#### WHAT IS NEEDED:
Could you restate every entry word for word, leaving the pictures out?

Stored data
────────────────────────────────────────

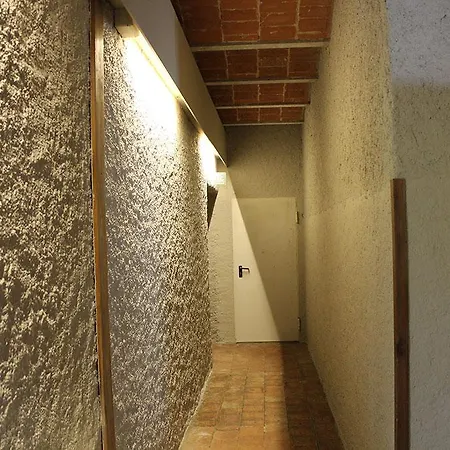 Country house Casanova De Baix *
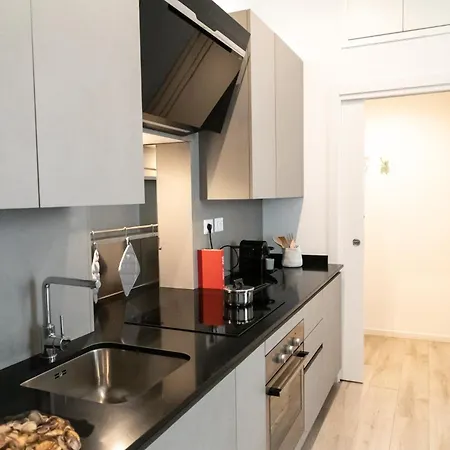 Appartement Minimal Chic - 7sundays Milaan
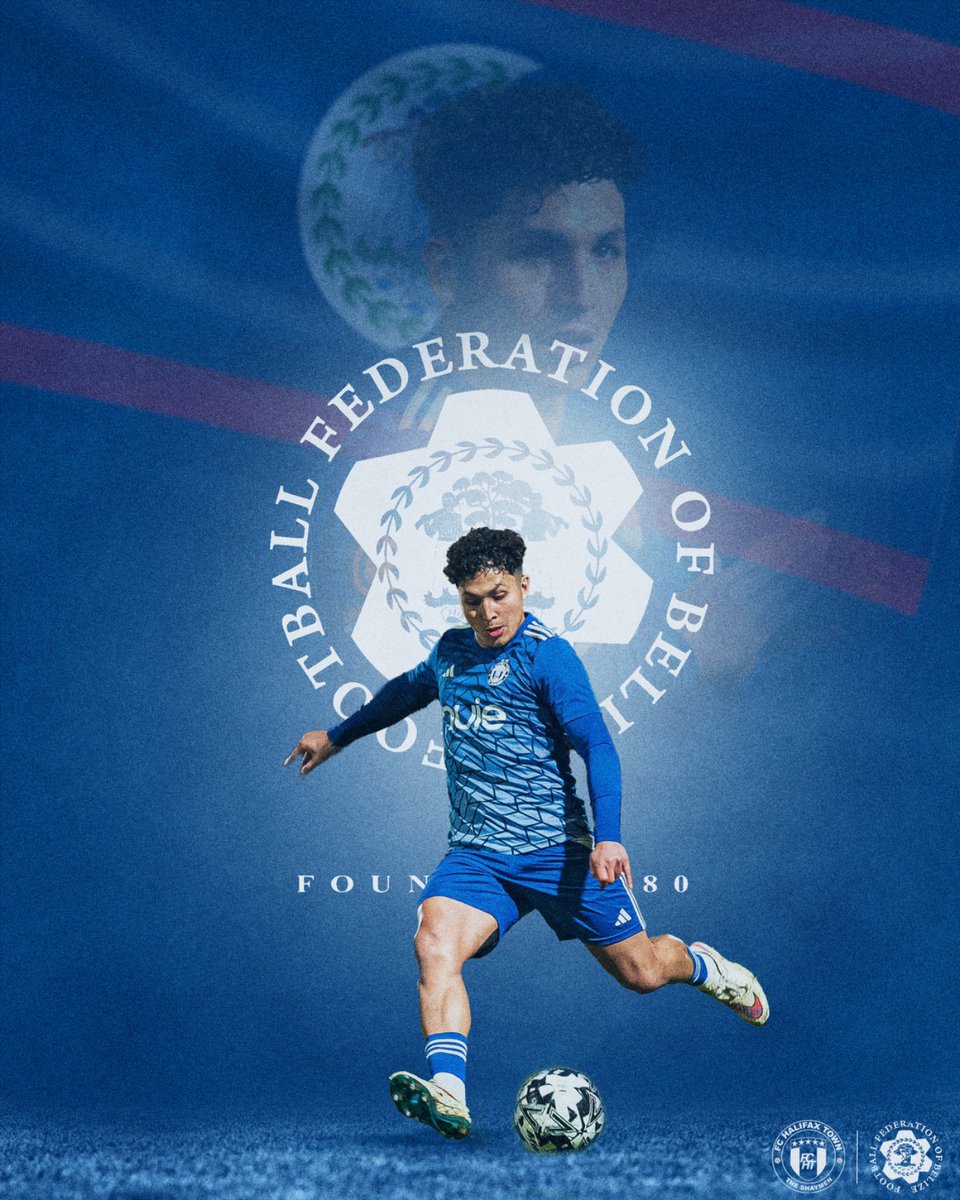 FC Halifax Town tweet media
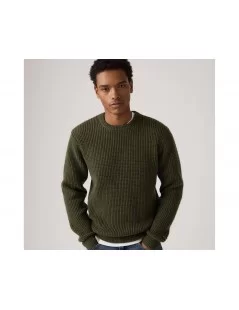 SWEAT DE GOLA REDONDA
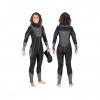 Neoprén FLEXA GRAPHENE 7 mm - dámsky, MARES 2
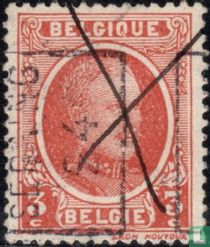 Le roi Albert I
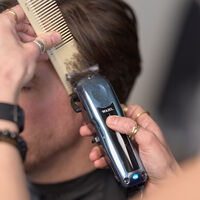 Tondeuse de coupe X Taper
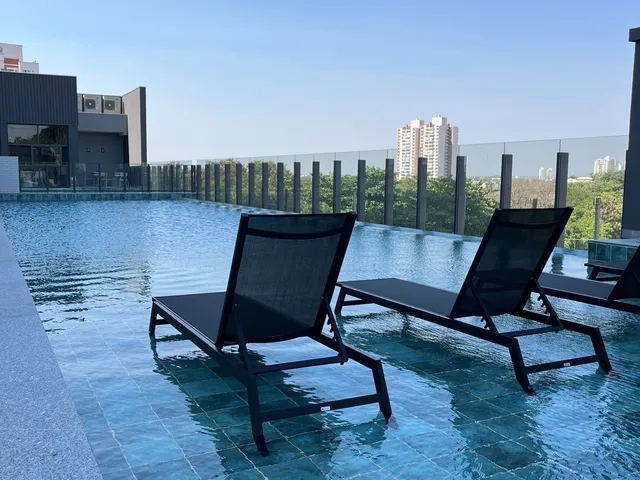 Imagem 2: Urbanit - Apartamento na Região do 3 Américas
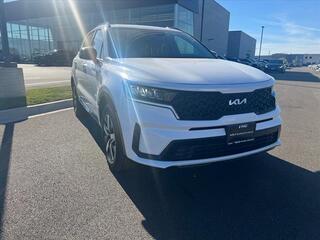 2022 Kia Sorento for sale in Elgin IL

────────────────────────────────────────

#### RESPONSE:
 Country house Casanova De Baix *
 Appartement Minimal Chic - 7sundays Milaan
 FC Halifax Town tweet media
 SWEAT DE GOLA REDONDA
 Neoprén FLEXA GRAPHENE 7 mm - dámsky, MARES 2
 Le roi Albert I
 Tondeuse de coupe X Taper
 Imagem 2: Urbanit - Apartamento na Região do 3 Américas
 2022 Kia Sorento for sale in Elgin IL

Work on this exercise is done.